Certainly Wright served as a special kind of slanted mirror for Japan, meanwhile using that same slant to inform and refine his own work. Having had the privilege to grow up in a Wright house [see two photos above] — the only one in Alabama, designed for my parents in Florence in 1940, expanded by Wright after the family grew, and recently restored as a public museum —- I’ve defined some of this slant on my own terms as a snug economy of horizontally conceived domestic space, a heated floor following the dips and rises of the terrain, and a proximity and interaction between functional interiors and leafy exteriors that embraced the back yard [see second photo above] while turning its back on the street. After my mother converted a sloping patio lawn in the back of the new wing into a Japanese rock garden, its resemblance to the self-conscious and suburban obstacle course in Tati’s Mon oncle spoiled it for me as a site of contemplation. But everything else in the house that still looks and feels Japanese, from the Cinemascope sweep of the front [see third and fourth photo above] to the sliding door that led to the new wing, fosters a keen sense of cozy proximity and continuity.

It would have been interesting if Severns and Mori had  explored some of the other ramifications of Wright’s love of Japan on his American identity, and not only as an architect. My parents often recalled the controversial newsletters sent from Wright’s Taliesin during World War 2 that persisted in defending Japan in spite of everything, and it would be intriguing to hear today what some of those arguments consisted of. But in telling the Japanese side of the story, this couple has at least clarified an important if lesser-known chapter in the architect’s work.

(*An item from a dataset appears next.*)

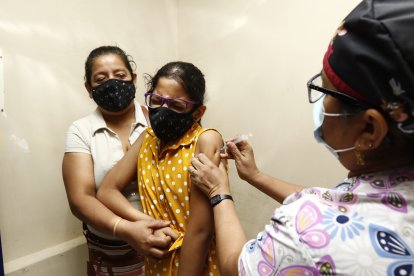 El Ejecutivo calcula que a mediados de febrero el país habrá alcanzado el 85% de vacunados con segunda dosis.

July 29 (Letters, Chicago Reader):

In my review of Karen Severns and Koichi Mori’s Magnificent Obsession: Frank Lloyd Wright’s Buildings and Legacy in Japan [July 22] I said that Arata Endo was the only person with whom Wright ever agreed to share architectural credit, information I got from the documentary. But my brother Alvin Rosenbaum, author of the 1993 book Usonia: Frank Lloyd Wright’s Design for America, tells me that Wright shared credit with at least one other person, Aaron Green, “on their joint San Francisco office,” adding that “their major collaboration, the Marin County Courthouse, was finished after Wright’s death.”